The US, "the land of the free," has the biggest prison population in the world and the highest rate of prisoners per capita of all countries—including countries that President Bush believes need liberating by US armed forces.

Even China, with one-party rule and a population that is 4.5 times larger than the US population, has 30% fewer total prisoners than the US. China's per capita rate is a small fraction of the US rate.

The US prison population per capita is three times higher than "axis of evil" country Iran, five times higher than Tanzania, and seven times higher than a civilized European country like Germany.

One out of every 142 Americans is in prison—and this does not include military prisons or INS jails.

The conservatives' war on drugs, launched during President Reagan's first term, bears much of the blame. Between 1980 and 2000, a period during which the US population grew by 21%, the number of state and federal inmates soared by 312%.

Almost one-half million Americans are in prison for drugs-only offenses. Many of them are innocent or were encouraged by federal agents or informers posing as friends to transport small amounts of drugs as a favor.

Consider Elaine Bartlett, pardoned by New York Gov. George Pataki in 2000 after serving 16 years of a 20 year sentence. Bartlett was tricked by an acquaintance, who turned out to be a government informant, into taking four ounces of cocaine to Albany. Bartlett was given 20 years even though she had no history of arrests or convictions and left 4 children behind, the oldest being 10 years old.

Most government informants are real criminals who escape charges or are given lenient plea bargains in exchange for helping prosecutors boost their conviction rates by entrapping innocent people. It is a disgrace to the US legal system that judges permit such false convictions.

Many other innocents are in jail because police dropped small packets of drugs—or in the Texas cases, bags of ground up wallboard—into their cars when stopped, allegedly for traffic offenses.

Society gained nothing but more criminals by locking up Bartlett. Her six year old son was traumatized by his mother's absence.
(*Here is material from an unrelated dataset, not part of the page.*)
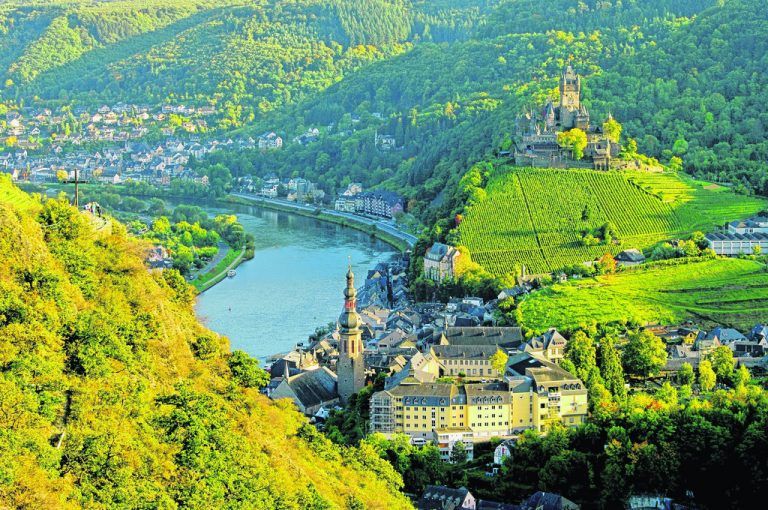 Im Rhein-Mosel-Gebiet treffen romantische Schlösser und Burgen auf Weinberge und verträumte Ortschaften.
At the end of every prison visit he had to be forcefully removed by prison guards from clinging to his mother. By the time he was 10 years old, he was a drug runner. He bought his first gun at age 12 and was in prison by age 16. You can read the whole story in the book, "Life on the Outside," by Jennifer Gonnerman.

With a legal system that mass produces criminals, prisons are being constructed at a breathtaking rate. An Urban Institute study, "The New Landscape of Imprisonment," released on April 29, documents the boom in prison construction during the last two decades.

Jeremy Travis, one of the authors, says: "The prison network is now deeply intertwined with American life, deeply integrated into the physical and economic infrastructure of a large number of American counties. It provides jobs for construction workers and guards, and because the inmates are counted as residents of the counties where they are incarcerated, it means more federal and state funding and greater political representation for these counties." [Study Tracks Boom in Prisons and Notes Impact on Counties By FOX BUTTERFIELD, New York Times, April 30, 2004]

A number of states now have prisons in almost one-third of their counties. Florida has at least one prison in 78% of its counties! In 1923 there were only 61 prisons in the entire US.

Another conservative idea—prison privatization—has created a contractual monster that must be fed with a constant stream of inmates. A variety of new police Gestapos have been created that help to keep the massive prison complex—our own Gulag Archipelago—filled.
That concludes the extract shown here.